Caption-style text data

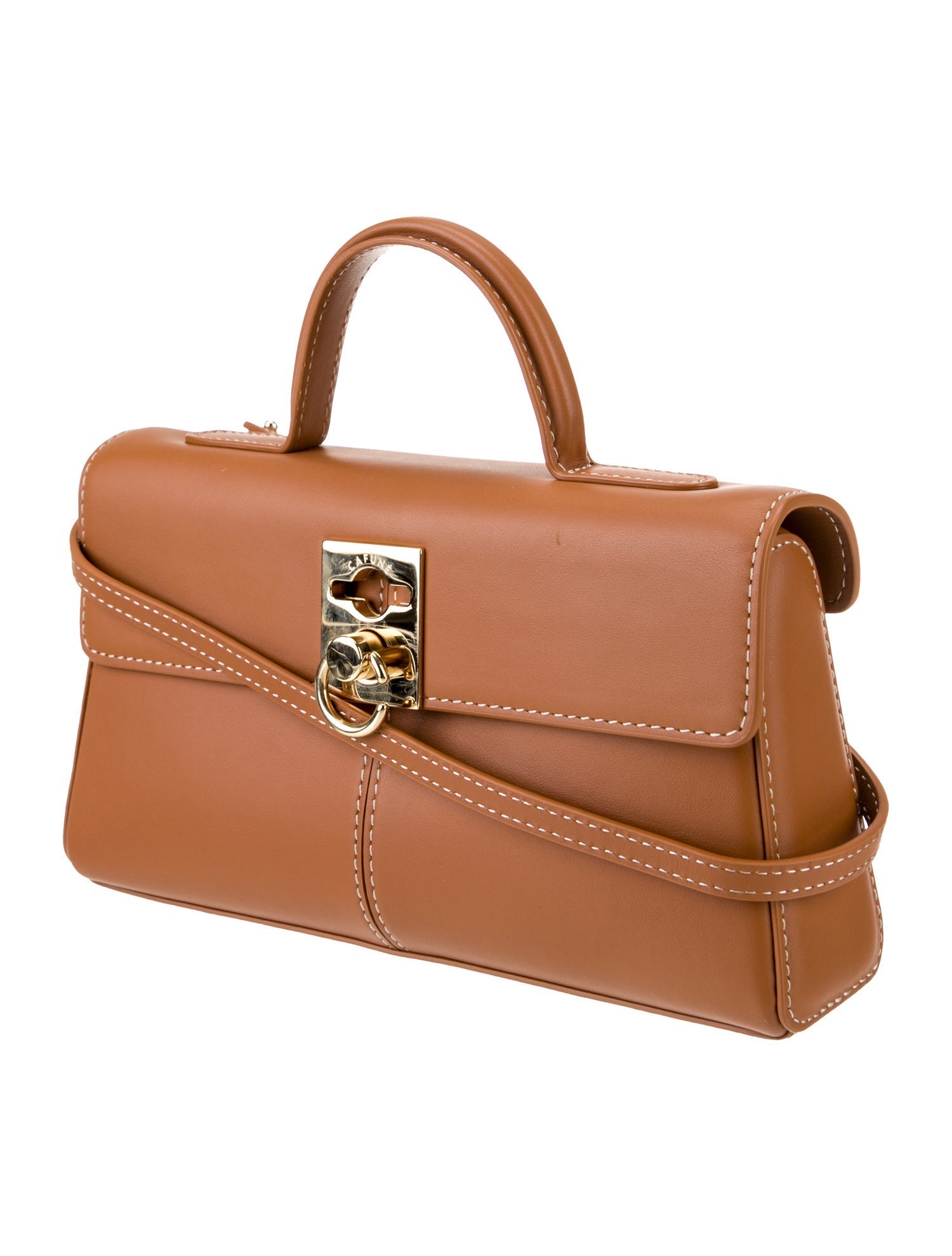 Cafuné Leather Top Handle Bag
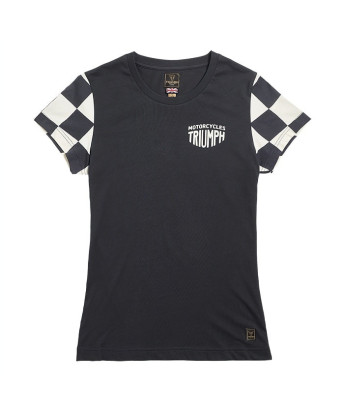 T-SHIRT TRIUMPH MARIE LDS BLK/BNE TEE - MTSS2320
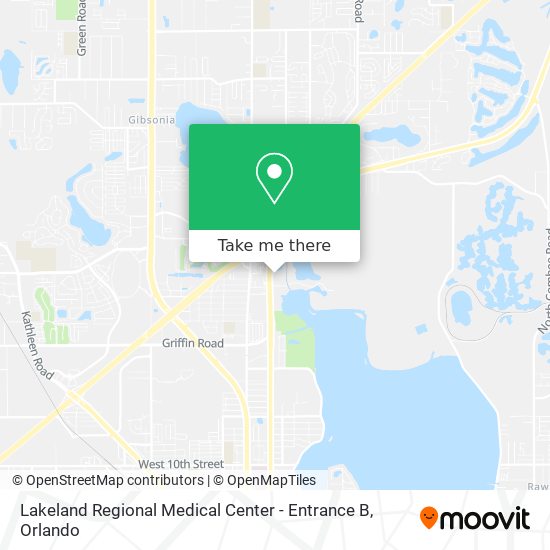 Lakeland Regional Medical Center - Entrance B map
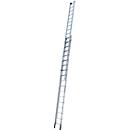 Stabilo aluminium extension ladder with rope, 2-part, 2 x 20 rungs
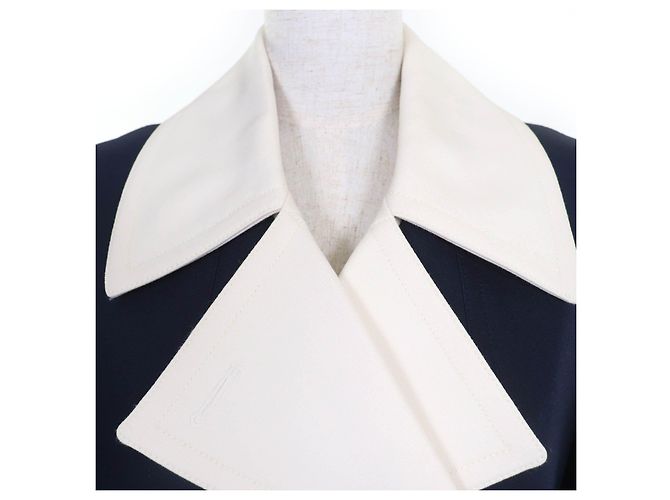 Giacca in misto seta e lana Louis Vuitton Blu Blu navy - vista 4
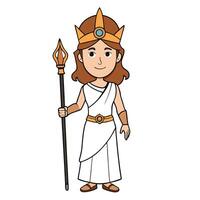 Greek mythology - ancient greek goddess Athena. Created with technology. vector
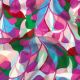 MultiColor Digital Floral Printed Viscose Organza Fabric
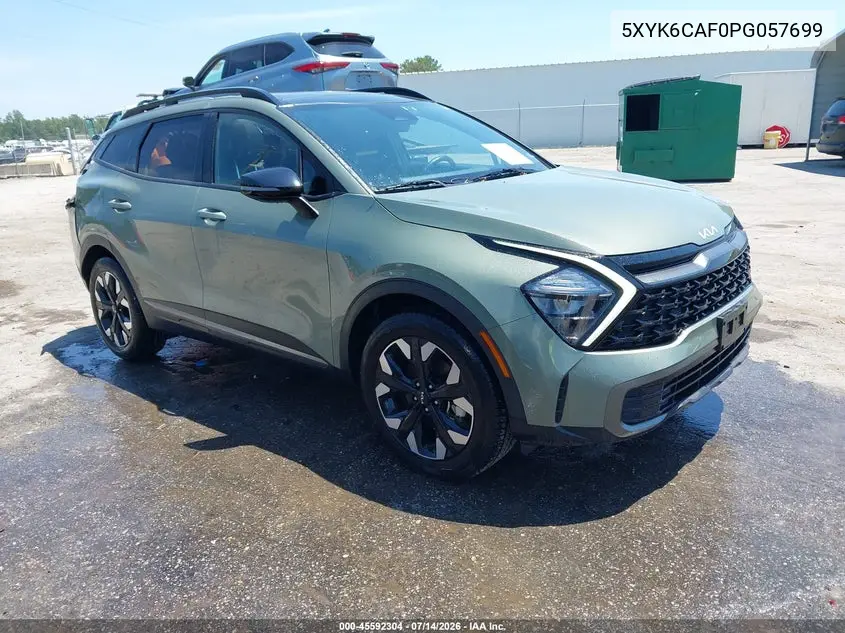 2023 Kia Sportage X-Line VIN: 5XYK6CAF0PG057699 Lot: 45592304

* **Work item**: Repeat the data exactly as given. Keep every picture out of the copy.

* **Response to this exercise**:
 Cafuné Leather Top Handle Bag
 T-SHIRT TRIUMPH MARIE LDS BLK/BNE TEE - MTSS2320
 Lakeland Regional Medical Center - Entrance B map
 Stabilo aluminium extension ladder with rope, 2-part, 2 x 20 rungs
 Giacca in misto seta e lana Louis Vuitton Blu Blu navy - vista 4
 Greek mythology - ancient greek goddess Athena. Created with technology. vector
 MultiColor Digital Floral Printed Viscose Organza Fabric
 2023 Kia Sportage X-Line VIN: 5XYK6CAF0PG057699 Lot: 45592304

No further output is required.